=== EXERCISE DETAILS ===
Copy the data exactly. Images are the one exception.

=== SUPPLIED INFORMATION ===
****************************************

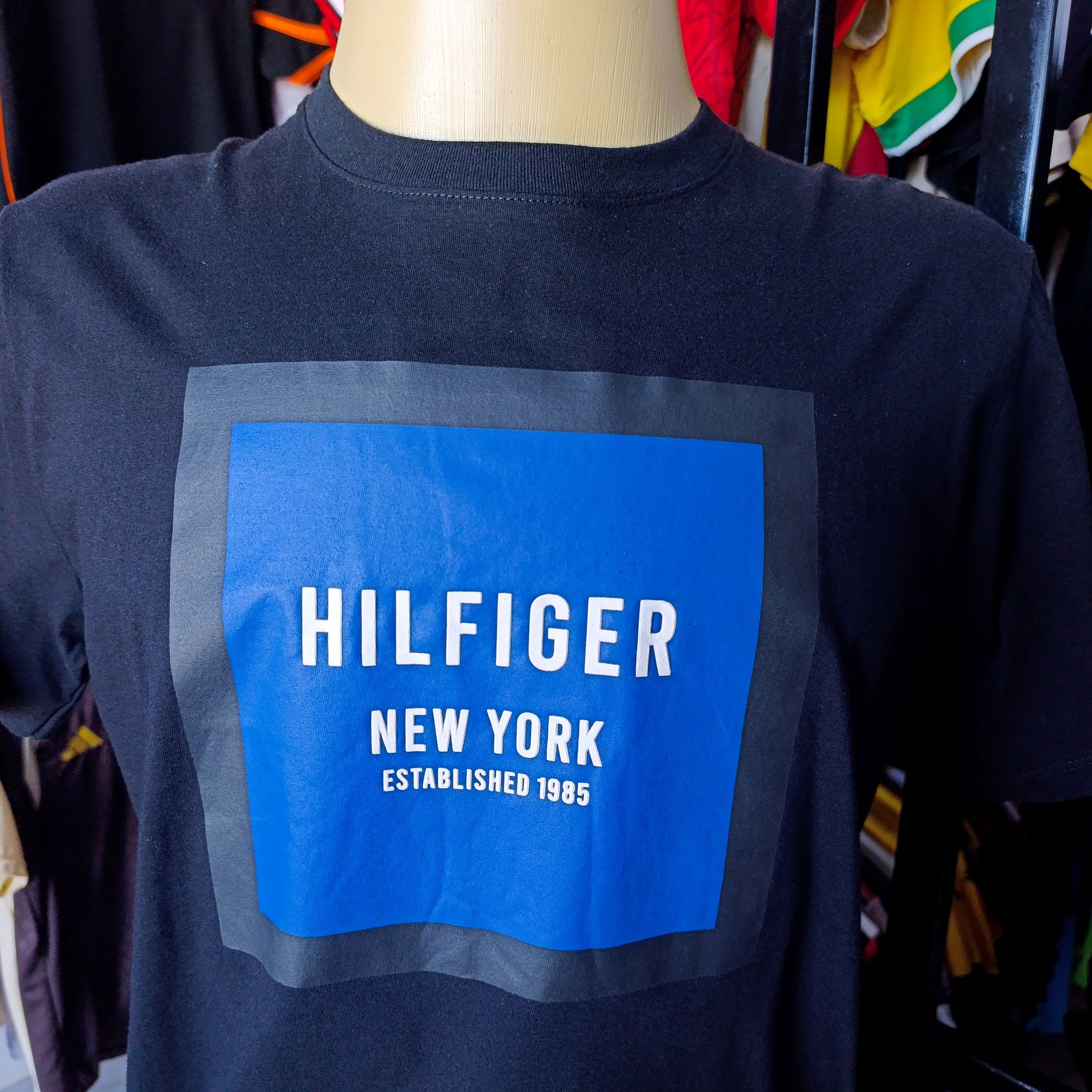 Camisa Egípcia Tommy Hilfiger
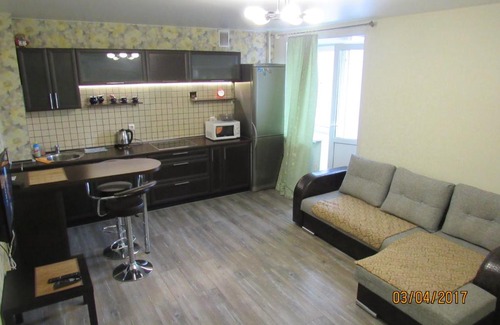 Vologda Apartment | Квартира-студия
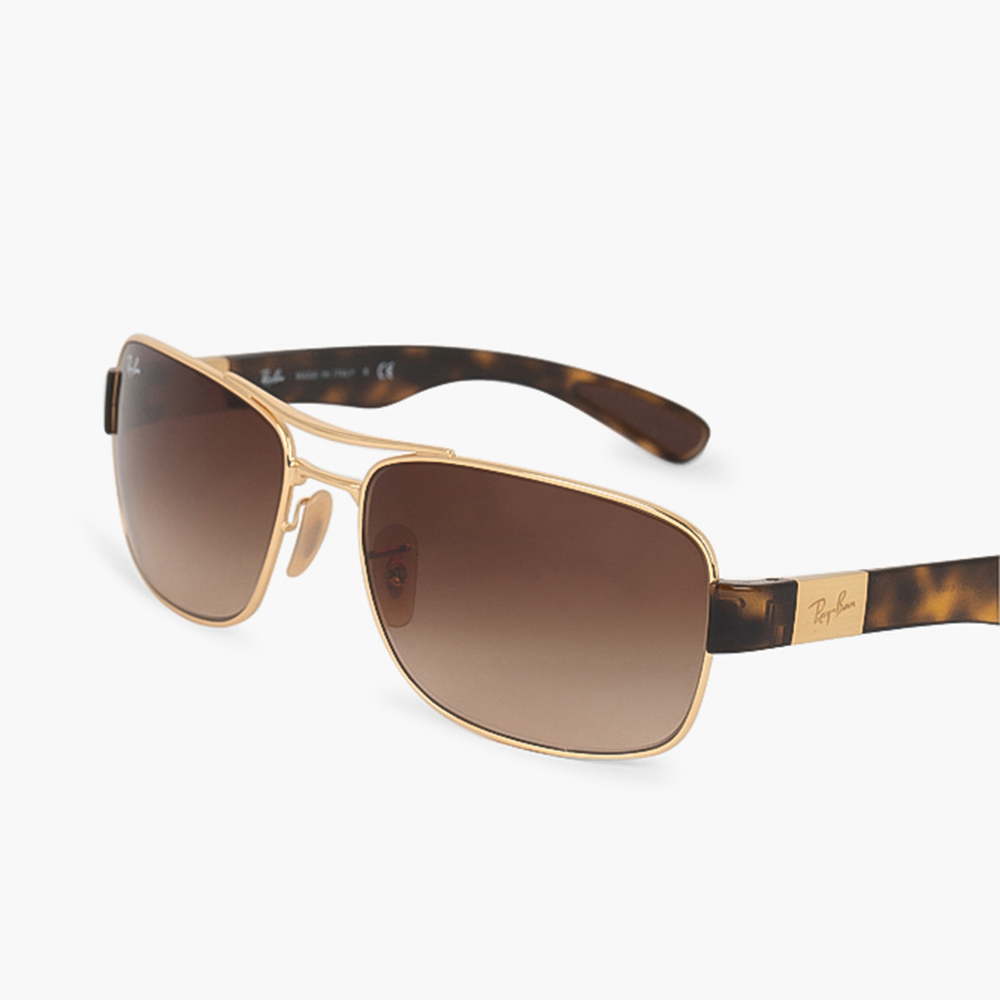 

Ray-Ban Brown Square Sunglasses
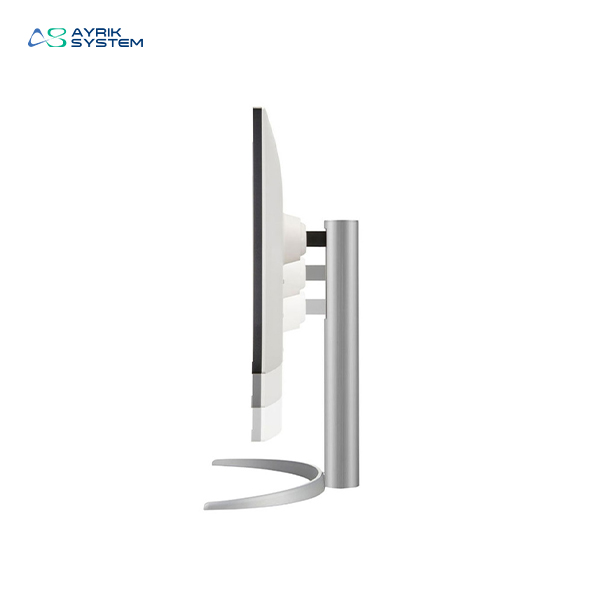 مانیتور ال جی مدل 27UP650-W سایز 27 اینچ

****************************************

=== FINISHED TASK ===
 Camisa Egípcia Tommy Hilfiger
 Vologda Apartment | Квартира-студия

Ray-Ban Brown Square Sunglasses
 مانیتور ال جی مدل 27UP650-W سایز 27 اینچ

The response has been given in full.